* **The problem**: Starting at the line that contains "On July 17th, 2023, LCX" and stopping after the line that contains "If you want to do", transcribe the listing below exactly; do not include any pictures.

* **Supplied records**:
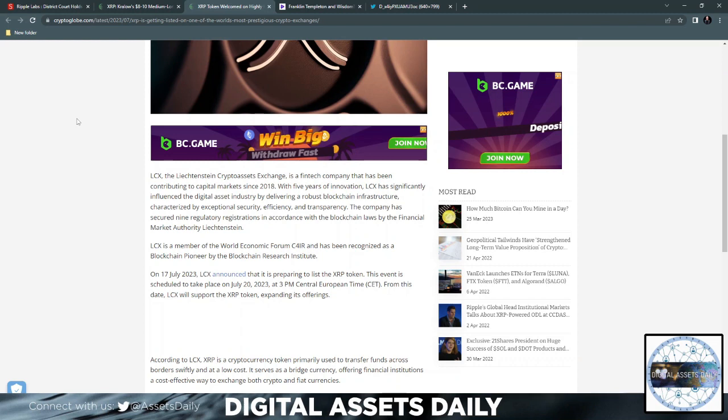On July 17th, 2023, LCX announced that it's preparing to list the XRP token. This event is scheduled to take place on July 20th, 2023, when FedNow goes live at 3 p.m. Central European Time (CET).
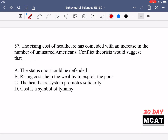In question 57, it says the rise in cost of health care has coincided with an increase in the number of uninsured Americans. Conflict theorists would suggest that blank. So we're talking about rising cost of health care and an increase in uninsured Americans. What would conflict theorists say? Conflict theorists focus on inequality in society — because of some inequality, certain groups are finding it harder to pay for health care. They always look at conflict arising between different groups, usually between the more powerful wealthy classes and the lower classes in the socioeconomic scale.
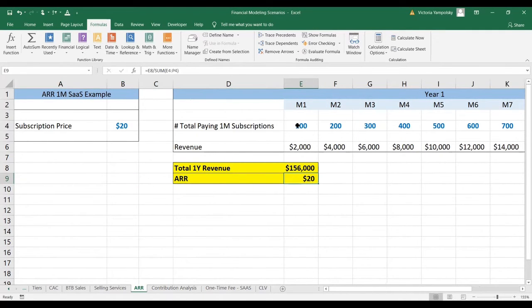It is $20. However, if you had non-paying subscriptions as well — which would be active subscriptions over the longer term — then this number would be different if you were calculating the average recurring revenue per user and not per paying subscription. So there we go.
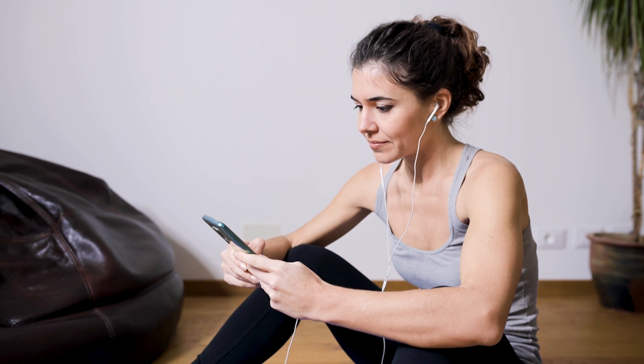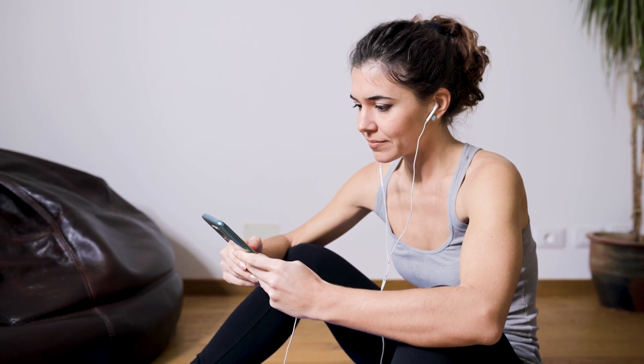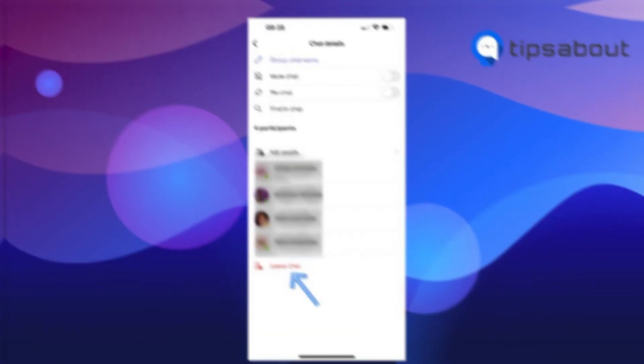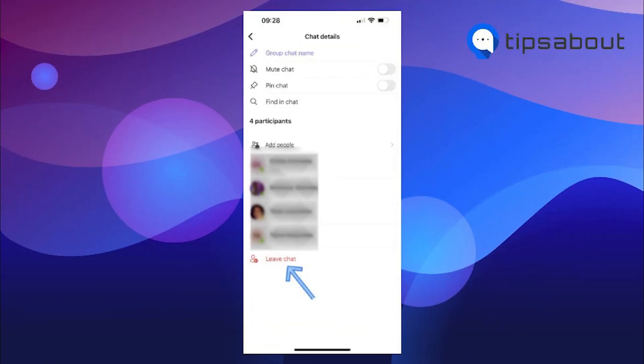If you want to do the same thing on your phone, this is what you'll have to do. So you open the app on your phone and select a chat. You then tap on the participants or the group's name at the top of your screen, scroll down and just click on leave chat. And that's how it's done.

* * *

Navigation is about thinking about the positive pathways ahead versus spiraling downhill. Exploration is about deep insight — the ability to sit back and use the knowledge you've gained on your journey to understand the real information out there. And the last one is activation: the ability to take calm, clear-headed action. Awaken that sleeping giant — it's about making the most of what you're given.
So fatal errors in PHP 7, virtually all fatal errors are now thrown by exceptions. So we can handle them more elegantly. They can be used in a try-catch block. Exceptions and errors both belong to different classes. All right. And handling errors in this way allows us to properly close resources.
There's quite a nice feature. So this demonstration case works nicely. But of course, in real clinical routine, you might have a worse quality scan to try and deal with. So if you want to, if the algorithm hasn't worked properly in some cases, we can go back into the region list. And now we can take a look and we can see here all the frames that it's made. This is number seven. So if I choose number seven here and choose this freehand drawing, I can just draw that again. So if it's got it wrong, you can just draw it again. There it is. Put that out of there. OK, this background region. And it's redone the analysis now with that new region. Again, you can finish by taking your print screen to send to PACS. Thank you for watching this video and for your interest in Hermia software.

* **Reply to the task**:
On July 17th, 2023, LCX announced that it's preparing to list the XRP token. This event is scheduled to take place on July 20th, 2023, when FedNow goes live at 3 p.m. Central European Time (CET).
In question 57, it says the rise in cost of health care has coincided with an increase in the number of uninsured Americans. Conflict theorists would suggest that blank. So we're talking about rising cost of health care and an increase in uninsured Americans. What would conflict theorists say? Conflict theorists focus on inequality in society — because of some inequality, certain groups are finding it harder to pay for health care. They always look at conflict arising between different groups, usually between the more powerful wealthy classes and the lower classes in the socioeconomic scale.
It is $20. However, if you had non-paying subscriptions as well — which would be active subscriptions over the longer term — then this number would be different if you were calculating the average recurring revenue per user and not per paying subscription. So there we go.
If you want to do the same thing on your phone, this is what you'll have to do. So you open the app on your phone and select a chat. You then tap on the participants or the group's name at the top of your screen, scroll down and just click on leave chat. And that's how it's done.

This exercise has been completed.